Герда снова делает шаг назад, в узкий коридор за дверным проемом, мимо двери в ванную и туалет, мимо кухни, цокая каблуками по выдавленному линолеуму и еще нерешительно и медленно отводя руку за спину, пытаясь на ощупь отыскать что-то на стене. Что-то, спрятанное там, укромное и незаметное, под пластиковым откидным щитком, и я не хочу даже думать о том, что она собирается сделать. Я знаю, что она хочет…

Рукава-фонарики… Тонкие руки с пятнышками глянцевого лака на ногтях. Черные туфли-лодочки, на которых может ходить разве что только она: стремительно, изящно и быстро. А дурацкая "тревожная кнопка" висит под щитком на стене в коридоре, и если нажать на нее, тотчас слетится по вызову пол-Отдела, и тогда я уже точно ничем - абсолютно ничем - не успею помочь Дине.

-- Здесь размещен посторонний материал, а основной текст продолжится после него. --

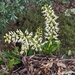 Dendrobium speciosum - Photo (c) Matt Cornwall, כל הזכויות שמורות, הועלה על ידי Matt Cornwall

Я опять тогда ничего не смогу.

- Гер, нет! Послушай, ты не понимаешь - мы МОЖЕМ все исправить! Ты даже не представляешь, СКОЛЬКО всего мы можем исправить!.. Гер… - я неожиданно снова оживаю и срываюсь ей навстречу, резко оттолкнувшись от стены. Пытаясь дотянуться, протягивая к ней руку, движущуюся точно в замедленном рваном такте, удержать, а в другой потрясаю в воздухе, сжимая замусоленный конспект, где по пунктам расписана моя совесть.

Как злостный двоечник, клянущийся переписать злосчастную контрольную перед матерью. Но саму жизнь ведь не перепишешь…

- Да как же ты не понимаешь! Я не хочу… я БОЮСЬ тебя потерять!..

Слова, сваливающиеся как снег на голову, заставляют меня враз замереть на месте, точно вкопанным, неподвижно застыв у двери, а она по-прежнему странно смотрит на меня из глубины коридора, обвиняя выражением глаз во всех преступных грехах. И в какой-то момент я даже верю в них.

Герда… Мой куратор. Мой учитель. Моя поддержка и главная - и единственная - симпатия последних лет. Я верю тебе. Я никому больше не верю так, как тебе, только и ты, пожалуйста, доверься мне. Хоть один раз. Я клянусь, Гер, Дина тебе ничего не сделает. Она никому ничего никогда плохого не делала. Я обещаю тебе. Я сам понял это… То, насколько все может оказаться неправильным…

Она коротко встряхивает головой, пытаясь сдунуть с лица выбившуюся темную прядь, хотя на самом деле лишь хочет отвернуться, чтобы я не увидел.